Just like that, in two sentences, Rosenthal introduced us to a conspiracy that we were unaware of, then quoted a denial of it. I’ll take the Astros at their word, and trust that they’re—
Hey, why are you winking at me? No, I’m serious. I’ll take the Astros at their wor—
Stop winking at me. I mean it. I believe the Astro—
Ugh, you cynics are the worst. Really, if the Astros felt like testing some new theory of defense in game situations, it would be easy enough to do it on backfields, instructional leagues, rookie ball games, places where nobody’s watching and winning doesn’t matter. Look, money-saving service-time shenanigans are one thing; opting not to invest short-term expenses on a lost cause is one thing; but, thus far, so far as we know, no baseball team has used its pitiable place in the winning cycle as justification not to try to win once it actually takes the field. Doing so would be a whole new doctrine for tanking, one that I don't believe has existed at this level of the sport to date.
But now imagine with me: What if they were doing experiments just to gather research for the seasons that matter to them, or were at least open to the idea? What if you had a team that was, under practically no circumstances, going to compete for an achievement of significance this year? In a ruthless, business-oriented approach to running a team, every asset would be maximized for future profits, and one of the assets that a bad team has is that it gets to play 162 games however it wants to play them.
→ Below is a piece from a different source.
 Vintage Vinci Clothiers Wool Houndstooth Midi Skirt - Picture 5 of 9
You and I can’t run an experiment using real-life baseball action. A major-league team can, theoretically. If chaining a top prospect to the minors for a few months just to take money out of his pocket is considered moral in Major League Baseball, why not a few controlled studies?
So here are the rules: The experiment has to look enough like baseball that you don’t get expelled from the league or otherwise sanctioned. For that matter, it’s probably best that even your own players can’t suss out your motives, lest morale suffer when they realize that despite all their range they’re still just a rat in a cage. So it has to either be invisible or a credible effort at winning.
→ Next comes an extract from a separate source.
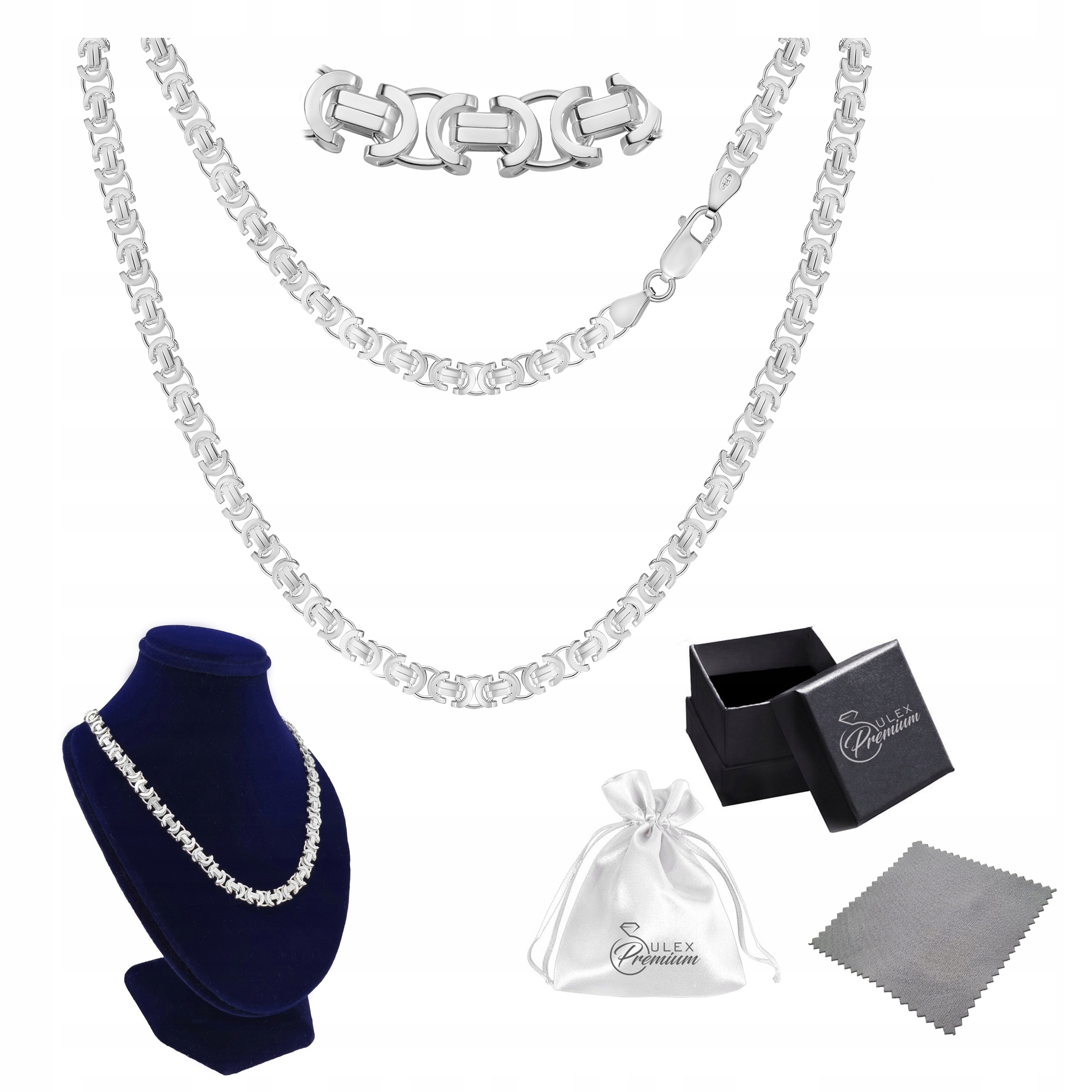 Stříbrný řetízek ryzost 925 Pánský řetěz s Etruským splétáním 60 cm x 5 mm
It can’t otherwise do damage to your team’s long-term goals. Studying what would happen if you let all your pitchers pitch through a UCL strain or labrum tear, for instance, might be fascinating, but we’re trying to win (future) baseball games here. If you learn something that nobody else watching you can learn, that’s even better, but we’ll consider any gained knowledge to be useful. What do you do? Here’s my team:
Catchers
Further, it’s probably best that you don’t just randomize pitch selection. Randomize which plate appearances will feature randomized pitch selection. Half the time, you can outsmart the hitter, who will never know he’s being outsmarted. The other half, you neutralize the smarts. (Also, this way you can actually compare the randomized pitch selection to the traditional method and determine whether it’s poppin’.)
Fielders
The shift has worked on Ortiz this year. The average major leaguer has a Batting Average on Balls In Play (BABIP) of .232 on ground balls. Ortiz has hit 81 groundballs, 70 of which were hit into the shift on the right side, and has only eight hits (.114 BABIP).
Alas, though, there’s a problem with such shifts:
Ortiz compensated by going the other way. He has hit 20 opposite field liners and grounders, and 16 have been hits (.800 BABIP), many of which would have been routine outs with a regular defensive alignment.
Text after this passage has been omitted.